The data →
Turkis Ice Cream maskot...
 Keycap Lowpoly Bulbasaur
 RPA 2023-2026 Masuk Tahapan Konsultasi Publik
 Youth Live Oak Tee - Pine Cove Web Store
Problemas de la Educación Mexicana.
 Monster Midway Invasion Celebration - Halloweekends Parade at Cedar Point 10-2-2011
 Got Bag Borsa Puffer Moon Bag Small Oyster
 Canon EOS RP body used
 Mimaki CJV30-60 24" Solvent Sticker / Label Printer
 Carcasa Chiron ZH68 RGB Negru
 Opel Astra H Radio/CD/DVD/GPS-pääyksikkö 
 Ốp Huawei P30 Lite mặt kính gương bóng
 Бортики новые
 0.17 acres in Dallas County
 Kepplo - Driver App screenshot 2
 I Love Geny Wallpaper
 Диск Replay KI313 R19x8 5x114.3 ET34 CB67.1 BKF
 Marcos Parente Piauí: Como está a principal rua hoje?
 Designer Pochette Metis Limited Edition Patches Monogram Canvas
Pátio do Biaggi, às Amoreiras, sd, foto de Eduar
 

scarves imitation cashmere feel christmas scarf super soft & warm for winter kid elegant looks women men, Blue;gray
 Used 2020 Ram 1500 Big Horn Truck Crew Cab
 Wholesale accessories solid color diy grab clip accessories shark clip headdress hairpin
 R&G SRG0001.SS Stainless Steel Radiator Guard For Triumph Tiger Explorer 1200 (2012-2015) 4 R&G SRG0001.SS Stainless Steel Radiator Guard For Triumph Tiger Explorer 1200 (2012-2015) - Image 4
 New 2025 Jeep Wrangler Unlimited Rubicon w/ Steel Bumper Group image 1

Task details → Reproduce exactly every line that sits between the start of the entries and the line bearing "Designer Pochette Metis", counting both of those lines.

Answer below →
Turkis Ice Cream maskot...
 Keycap Lowpoly Bulbasaur
 RPA 2023-2026 Masuk Tahapan Konsultasi Publik
 Youth Live Oak Tee - Pine Cove Web Store
Problemas de la Educación Mexicana.
 Monster Midway Invasion Celebration - Halloweekends Parade at Cedar Point 10-2-2011
 Got Bag Borsa Puffer Moon Bag Small Oyster
 Canon EOS RP body used
 Mimaki CJV30-60 24" Solvent Sticker / Label Printer
 Carcasa Chiron ZH68 RGB Negru
 Opel Astra H Radio/CD/DVD/GPS-pääyksikkö 
 Ốp Huawei P30 Lite mặt kính gương bóng
 Бортики новые
 0.17 acres in Dallas County
 Kepplo - Driver App screenshot 2
 I Love Geny Wallpaper
 Диск Replay KI313 R19x8 5x114.3 ET34 CB67.1 BKF
 Marcos Parente Piauí: Como está a principal rua hoje?
 Designer Pochette Metis Limited Edition Patches Monogram Canvas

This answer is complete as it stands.